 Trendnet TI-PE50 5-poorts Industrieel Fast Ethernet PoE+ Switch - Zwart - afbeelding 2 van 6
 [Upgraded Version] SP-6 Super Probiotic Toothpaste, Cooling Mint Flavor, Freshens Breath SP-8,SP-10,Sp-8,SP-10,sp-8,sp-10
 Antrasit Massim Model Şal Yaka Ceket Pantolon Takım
--
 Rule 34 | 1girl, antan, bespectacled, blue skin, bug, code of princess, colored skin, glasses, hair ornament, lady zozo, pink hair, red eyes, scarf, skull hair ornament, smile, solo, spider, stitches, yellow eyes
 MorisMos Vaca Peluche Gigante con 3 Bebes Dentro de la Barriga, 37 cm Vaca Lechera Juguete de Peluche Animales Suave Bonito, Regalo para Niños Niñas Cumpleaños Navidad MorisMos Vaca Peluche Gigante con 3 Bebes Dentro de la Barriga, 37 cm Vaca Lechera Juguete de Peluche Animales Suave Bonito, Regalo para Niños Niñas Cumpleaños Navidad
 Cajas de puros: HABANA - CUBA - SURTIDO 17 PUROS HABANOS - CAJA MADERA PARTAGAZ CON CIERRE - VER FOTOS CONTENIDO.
==
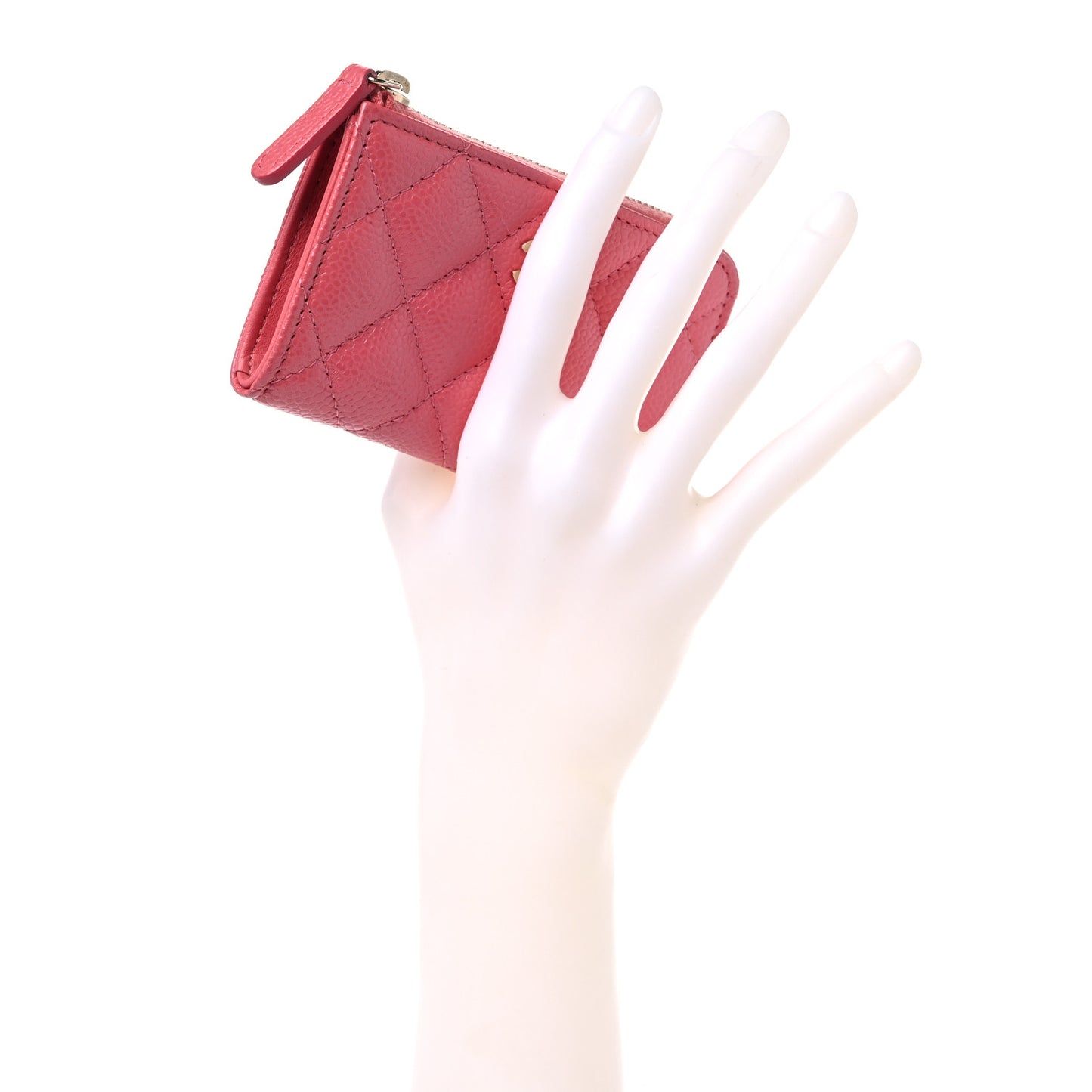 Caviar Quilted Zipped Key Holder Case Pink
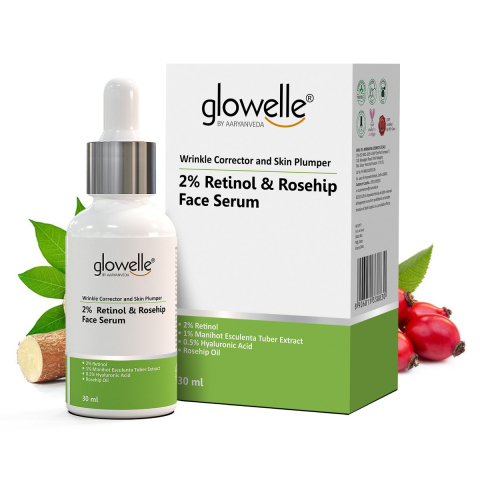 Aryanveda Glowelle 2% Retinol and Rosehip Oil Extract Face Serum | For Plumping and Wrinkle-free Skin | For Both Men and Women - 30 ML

Exercise prompt:
The lines above from the one with "Trendnet TI-PE50 5-poorts" through the one with "Antrasit Massim Model" are to be duplicated exactly, ends included, with nothing added.

Completed exercise:
 Trendnet TI-PE50 5-poorts Industrieel Fast Ethernet PoE+ Switch - Zwart - afbeelding 2 van 6
 [Upgraded Version] SP-6 Super Probiotic Toothpaste, Cooling Mint Flavor, Freshens Breath SP-8,SP-10,Sp-8,SP-10,sp-8,sp-10
 Antrasit Massim Model Şal Yaka Ceket Pantolon Takım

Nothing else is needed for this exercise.